In primo luogo, dalla struttura dei contenuti, che ho rappresentato con un areogramma: il testo portante, il libro vero e proprio, ciò che dà il titolo all’insieme, costituisce meno della metà dell’opera.
Questo non significa che quanto afferma Bajani, in margine ai suoi interventi su letteratura e narrazione nelle scuole o a seguito dei suoi contatti personali con diversi insegnanti, non sia interessante.
La tesi è condivisibile, anche se per molti aspetti scontata. È retoricamente vero che la Scuola – quella teorica, fuori dal tempo e dallo spazio – non “serve a niente”, perché la sua finalità è far imparare a “spostare i mobili” (fuor di metafora, ad acquisire pensiero critico) e non può essere invece ridotta e concepita a luogo di brutale acquisizione di competenze finalizzate all’impiego.
La scuola concreta – quella in atto ora in Italia – è inoltre vittima di interventi orientati al puro risparmio; i rapporti tra studenti e insegnanti sono spesso irrigiditi e sterili: bisognerebbe arrestare al più presto questo processo di impoverimento culturale e sociale.
Ci vorrebbe un intervento intenzionale ed efficace della Politica, a cui l’autore rivolge un preciso appello, forse un po’ troppo ottimistico. Bajani non appare infatti tenere conto del fatto che in larghissima misura la Politica stessa ha un’immagine dei propri compiti che non ha più come priorità i principi costituzionali su cui si dovrebbe fondare la Scuola. Che ha sostituito i dogmi della flessibilità e della competitività ai valori dell’inclusione e della rimozione degli “ostacoli di ordine economico e sociale” di cui all’art. 3 della Carta. Che considera fondamento della Repubblica non il lavoro, ma il mercato del lavoro. Che taglia, insomma, in seguito a un progetto di società, non per svista o superficialità.

Resta gustosa l’immagine dei bambini che, elargendo rotoli di carta igienica, vicariano lo Stato sociale.
Sono folgoranti – per creatività e incisività – i neologismi creati dagli adolescenti che interagiscono con lo scrittore nelle sue attività laboratoriali, in particolare Ludovita e Rinuncianesimo, che esprimono con straordinaria lucidità due filosofie esistenziali spesso contemporaneamente presenti negli stessi individui, negli stessi gruppi, nelle stesse fasce d’età.
È estremamente stimolante il riferimento psicoanalitico alla vaporizzazione del Professore; sempre in questo ambito, fa riflettere la dicotomia tra Professore per Nome e Professore per Testimonianza.
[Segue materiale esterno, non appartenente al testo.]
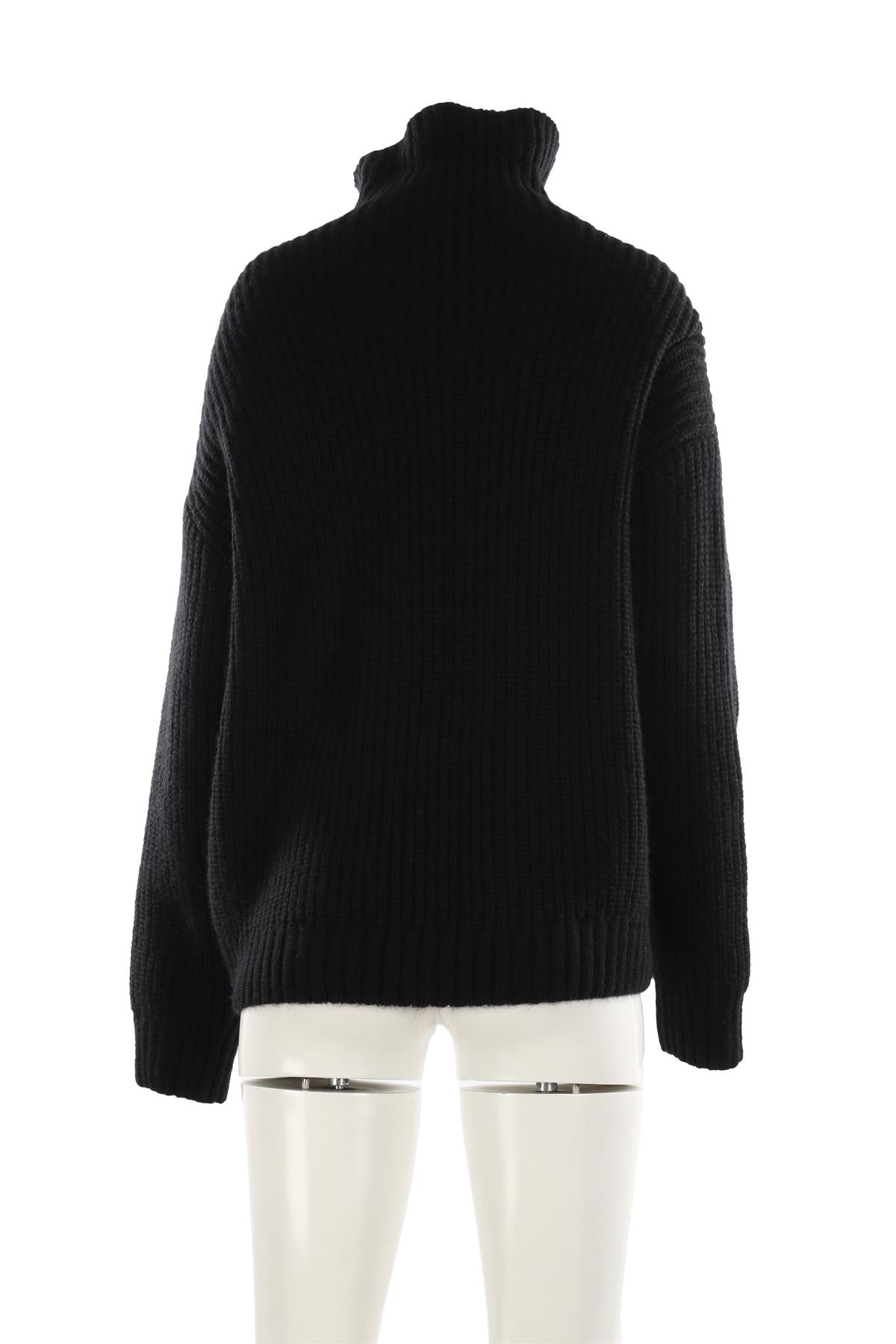 ANINE BING BLACK WOOL SWEATER SMALL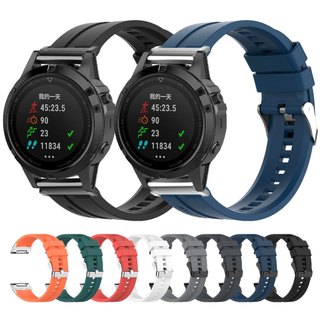 Garmin Fenix 9 8 Pro 凹槽矽膠錶帶 Epix Forerunner 970 965 Instinct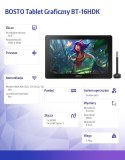 Tablet graficzny BT-16HDK 1920x1080 FHD z przyciskami BOSTO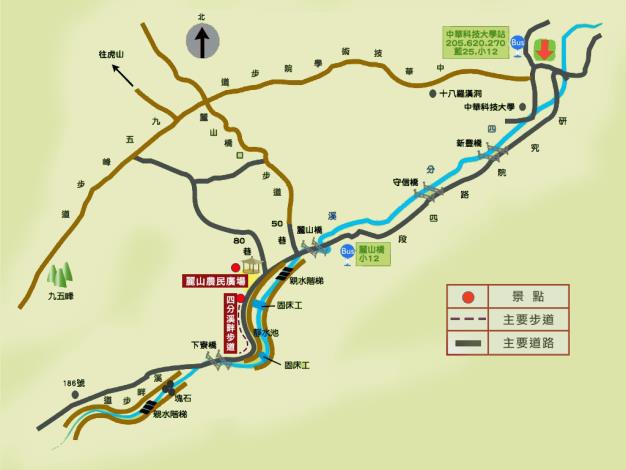 四分溪地圖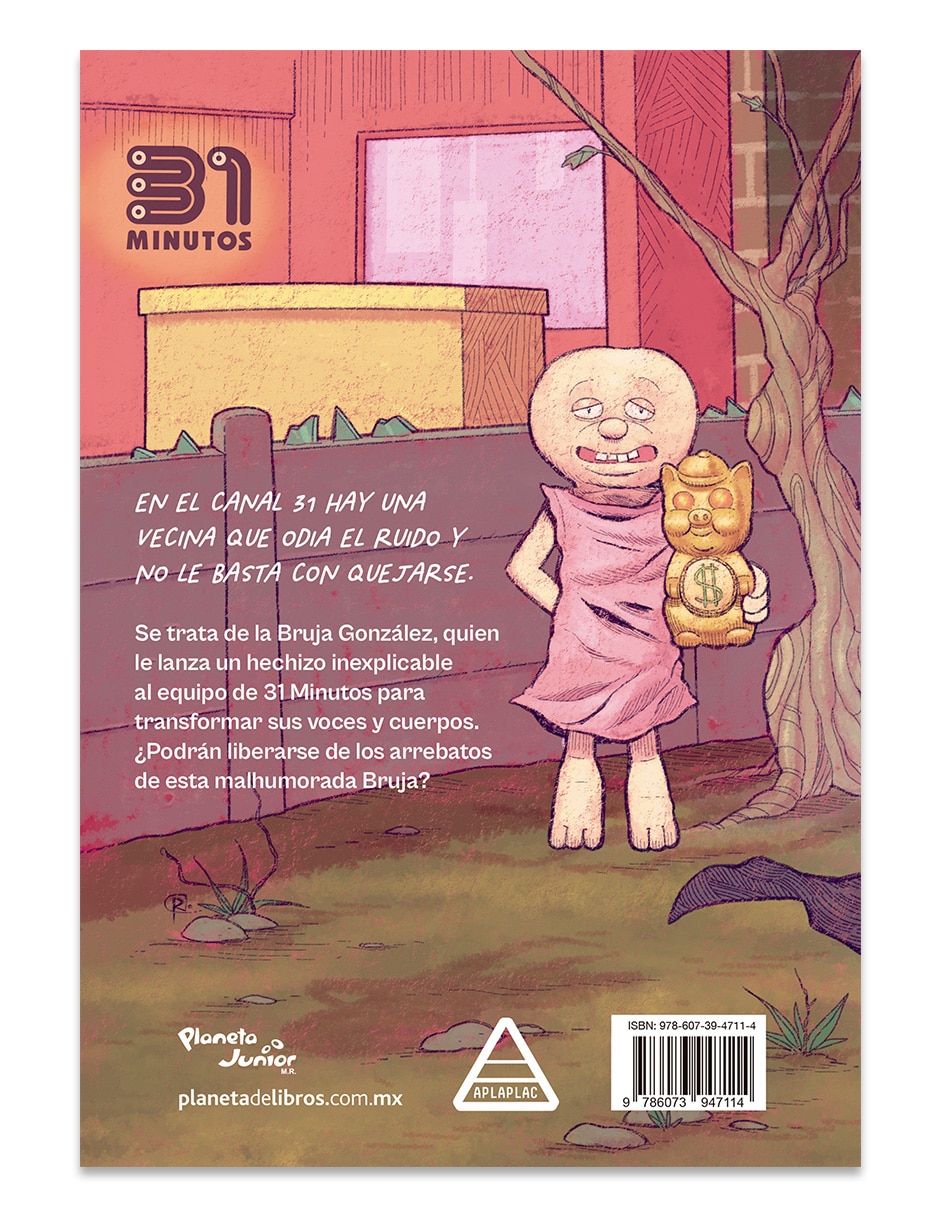 Libro La Maldición De La Bruja González De 31 Minutos 2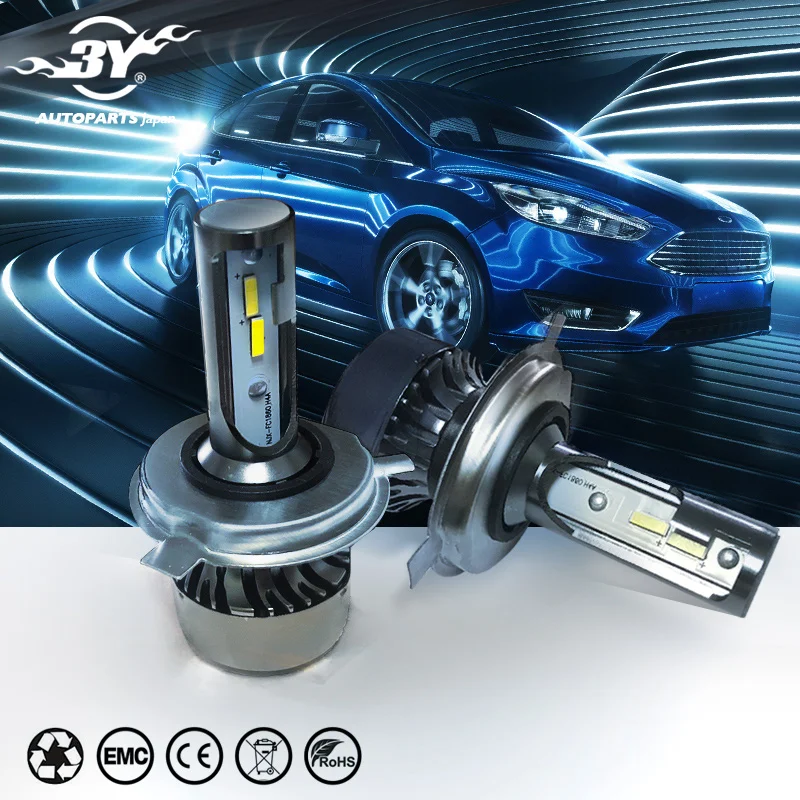 

Set of (2) H4 LED Headlight Bulbs SMD H1 H11 H7 H3 Hi Lo Beam 9005 6000K 60W 8400LM LED Conversion Kit 12v-24v for All CarS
Quest’ultimo sopravvive per propria volontà a rappresentare ciò che di quella teorica dovrebbe mantenersi nell’istruzione concreta; e costituisce un Modello con il quale certamente molti dei lettori insegnanti ameranno identificarsi, affermando con orgoglio di non aver mai sostenuto che troppi studenti vanno a scuola solo per “scaldare la sedia”, tema su cui – racconta Bajani – uno studente gli ha consegnato una sorta di ironico trattato, purtroppo smarrito durante un trasloco.

Come detto, il testo vero e proprio è corredato da numerosi altri contributi, dei quali non sono esplicitati i criteri di selezione e le interconnessioni. E in questo risiede, almeno a mio giudizio, l’aspetto più arricchente del libro dal punto di vista professionale.

L’insegnante-lettore si trova infatti in qualche misura nella posizione in cui è lo studente del quinto anno della secondaria superiore ammesso all’Esame il giorno della prima prova (o in quelli delle relative simulazioni), quando decida di realizzare un saggio breve o un articolo di giornale. Dispone di una serie di materiali convergenti su una tematica comune: a lui precisare cornice generale, confini e collegamenti, individuare i nuclei essenziali di ciascuno, assegnare identità logiche e culturali, operare confronti e così via, fino a produrre un materiale che organicamente tenga conto di tutto.
Una sfida forse involontaria, di certo coinvolgente.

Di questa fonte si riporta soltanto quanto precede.